Even jaded sceptics allow there is a place for new technologies in the classroom
Much of the excitement about ai in classrooms rests on a lazy assumption that one-to-one instruction (or, as here, bot-to-one instruction) is always more effective than learning as a group. Yet it is easy to spot moments in an average school day when that is not the case, says Dr Reich. A tutor can encourage a child to comment on a poem, a painting or a current event. But only a group can produce the lively debates that flow from having “lots of different brains looking at the same source at the same time”.
Dan Meyer, a former maths teacher in California who now works in edtech, agrees. “You could throw trillions of dollars at the project of convincing kids and teachers that they will learn better without each other, and that they might even prefer it,” he writes. “And they will tell you en masse, ‘I don’t think so.’” Every day children come to school seeking answers to two big questions, he argues: not just, “How do I do this?” but also, “Who am I?” Spending time in large and lively classrooms can offer answers to both questions at once, whatever the subject being studied. Time spent with a chatbot, by contrast, shines light on only one.
Even jaded sceptics allow there is a place for new technologies in the classroom. But they argue that ai would best be used to complement the ways in which schools already work. Saving teachers from busywork would be a good first task. Already, popular ai-powered products such as MagicSchool and TeachMate help educators swiftly produce quick-fire quizzes or rewrite texts in multiple iterations tailored to different reading levels. They turn hastily scrawled bullet points into elegant letters to parents, the sort of chore that can sap a teacher’s spirit at the end of a long day.
Plenty of people see a big role for ai in helping teachers improve their practice. Teachfx, an American startup, invites educators to upload audio recordings of their classes to a secure server for ai software to crunch. It supplies them with statistics to reflect upon, such as exactly how much of a lesson they filled with the sound of their own voice. It will count how many times they stopped to pose a question to the class, and whether they gave pupils enough time to answer.

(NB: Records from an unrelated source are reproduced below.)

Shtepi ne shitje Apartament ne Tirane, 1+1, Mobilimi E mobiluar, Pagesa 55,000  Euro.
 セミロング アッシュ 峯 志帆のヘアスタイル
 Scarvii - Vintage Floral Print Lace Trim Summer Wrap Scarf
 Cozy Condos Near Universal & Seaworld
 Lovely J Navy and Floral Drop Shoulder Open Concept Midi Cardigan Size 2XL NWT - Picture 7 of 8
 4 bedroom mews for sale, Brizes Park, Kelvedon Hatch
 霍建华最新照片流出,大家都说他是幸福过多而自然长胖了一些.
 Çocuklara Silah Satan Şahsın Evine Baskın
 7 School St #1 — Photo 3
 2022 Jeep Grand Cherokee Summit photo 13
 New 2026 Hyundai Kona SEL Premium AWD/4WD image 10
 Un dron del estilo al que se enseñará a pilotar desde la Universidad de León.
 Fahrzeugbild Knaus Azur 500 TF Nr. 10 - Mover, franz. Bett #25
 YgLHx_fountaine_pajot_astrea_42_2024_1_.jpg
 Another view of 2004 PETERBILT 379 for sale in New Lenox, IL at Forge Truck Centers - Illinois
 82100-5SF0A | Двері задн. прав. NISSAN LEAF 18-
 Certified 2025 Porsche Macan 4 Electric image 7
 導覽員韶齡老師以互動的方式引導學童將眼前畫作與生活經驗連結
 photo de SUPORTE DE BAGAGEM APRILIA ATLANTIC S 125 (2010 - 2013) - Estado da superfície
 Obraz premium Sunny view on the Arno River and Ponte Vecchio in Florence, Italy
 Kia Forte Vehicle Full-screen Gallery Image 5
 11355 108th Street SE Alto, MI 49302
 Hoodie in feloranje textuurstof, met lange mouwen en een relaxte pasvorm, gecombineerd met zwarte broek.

Some emerging work imagines human educators and ai assistants working together in real time. A team at Stanford University is tinkering with ai that is designed to help adults who tutor children remotely (for example, over Zoom or instant-messaging apps). Their software would follow a tutoring session in the background, says Dora Demszky of Stanford; it would provide the human tutor with on-screen suggestions of what responses might work best. Some other researchers talk of giving classroom teachers tools that would help them, say, keep track during a lesson of which students they have not yet called upon to speak.Academics at the University of Colorado in Boulder are working on an “ai partner” designed to help pupils get the best out of group work. It would listen to each group’s deliberations, staying silent if they are on the right track but interjecting when they need help. It could also call over the human teacher if it thinks they have got hopelessly lost. The prototype crunches only audio, says Tammy Sumner, one of its creators. But she thinks it could be improved with sensors that help detect where students are looking or pointing.
It might be wiser to think of schools less like “dinosaurs” and more like “great white sharks”, says Dr Reich of mit. Many of their traits, like school bells and age-graded classes, have outlasted more exciting ideas because, put simply, they work. People always expect technology to “change the way everything happens”, he says. It is more realistic to expect that technology will improve learning by helping schools do better at what they have been doing for generations.